[Captioned web images]
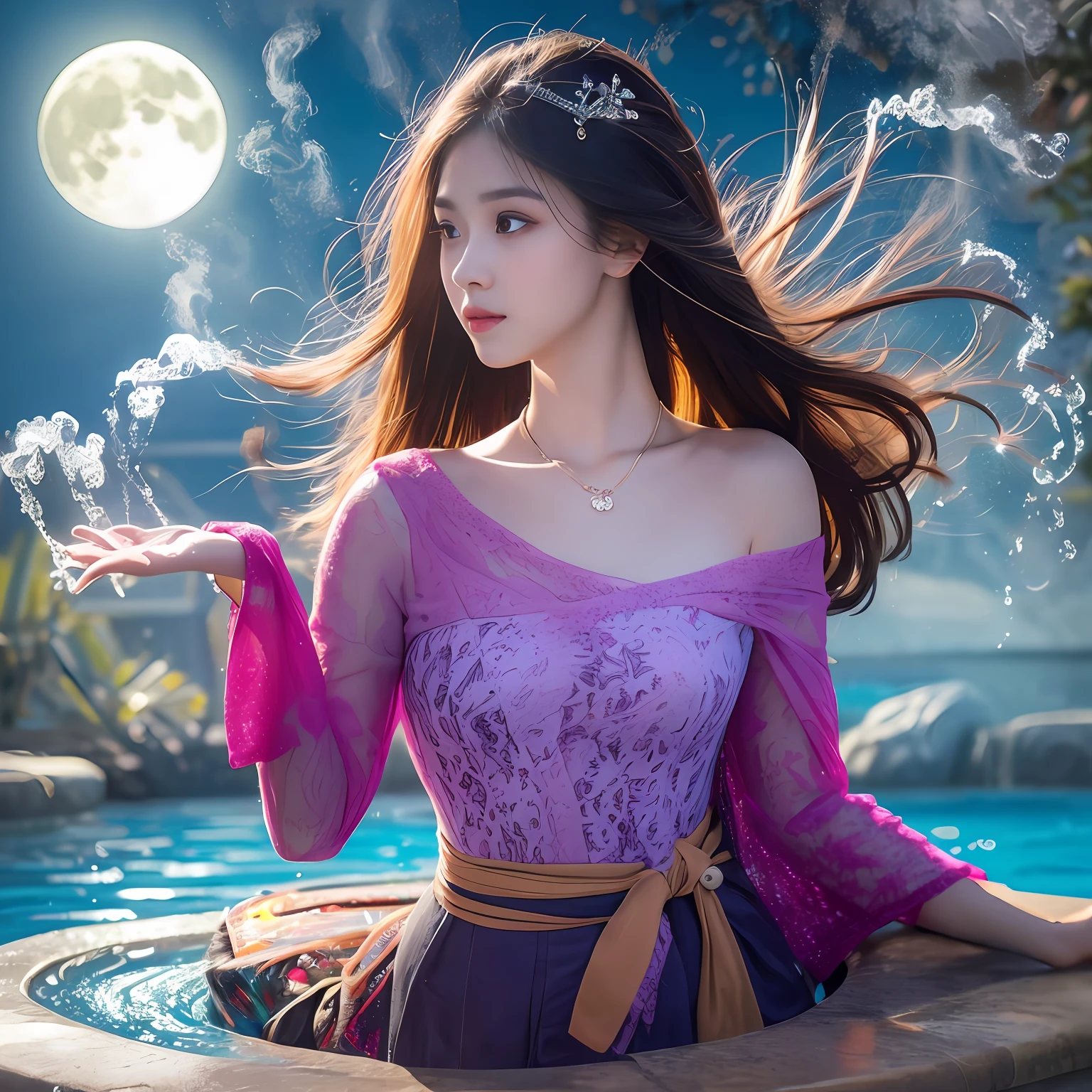 Keywords: watery big eyes, loving pupils, [shy], long hair, master works, best picture quality, ((kebaya_bali)),super high resolution, higher quality, beautiful girl, female, heart-shaped hair ornament, 8k resolution, hot girl, student, beautiful pupil, blush, dusk, oasis ((character at the edge of the pool)), magic ring, volumetric light, cinematic light, natural light. Waterfall background, fashion long skirt, not exposed, full body photo
Snow Moon Law Moon Girl Light Shoulders, Solo, Crystal Clear Water Splash Perfect Reflection, Eyebrow Pattern, Beautiful Black Eyes, Floating Water Splash, Black Water Droplet, Beautiful Glow, Best Quality, Illustration, Masterpiece, Best Production, Best Quality, Highly Detailed, Extremely Detailed CG, Lighting, Cute, Tyndall Effect, Burning Splash Wrapped, Light Shoulders, Depth of Field, Black Water, Super Moe, Shining, Beautiful
The, delicate facial features, cute, black water particle special effects, dreamy, floating
Black glowing particles, burning hair, necklace
((Masterpiece)), ((Highest Quality)), exquisite CG, blue-purple tone, sweet
Beautiful and lovely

_Problem description_
Exactly as written, return each line above and leave the pictures behind.

_Finished exercise_
 Keywords: watery big eyes, loving pupils, [shy], long hair, master works, best picture quality, ((kebaya_bali)),super high resolution, higher quality, beautiful girl, female, heart-shaped hair ornament, 8k resolution, hot girl, student, beautiful pupil, blush, dusk, oasis ((character at the edge of the pool)), magic ring, volumetric light, cinematic light, natural light. Waterfall background, fashion long skirt, not exposed, full body photo
Snow Moon Law Moon Girl Light Shoulders, Solo, Crystal Clear Water Splash Perfect Reflection, Eyebrow Pattern, Beautiful Black Eyes, Floating Water Splash, Black Water Droplet, Beautiful Glow, Best Quality, Illustration, Masterpiece, Best Production, Best Quality, Highly Detailed, Extremely Detailed CG, Lighting, Cute, Tyndall Effect, Burning Splash Wrapped, Light Shoulders, Depth of Field, Black Water, Super Moe, Shining, Beautiful
The, delicate facial features, cute, black water particle special effects, dreamy, floating
Black glowing particles, burning hair, necklace
((Masterpiece)), ((Highest Quality)), exquisite CG, blue-purple tone, sweet
Beautiful and lovely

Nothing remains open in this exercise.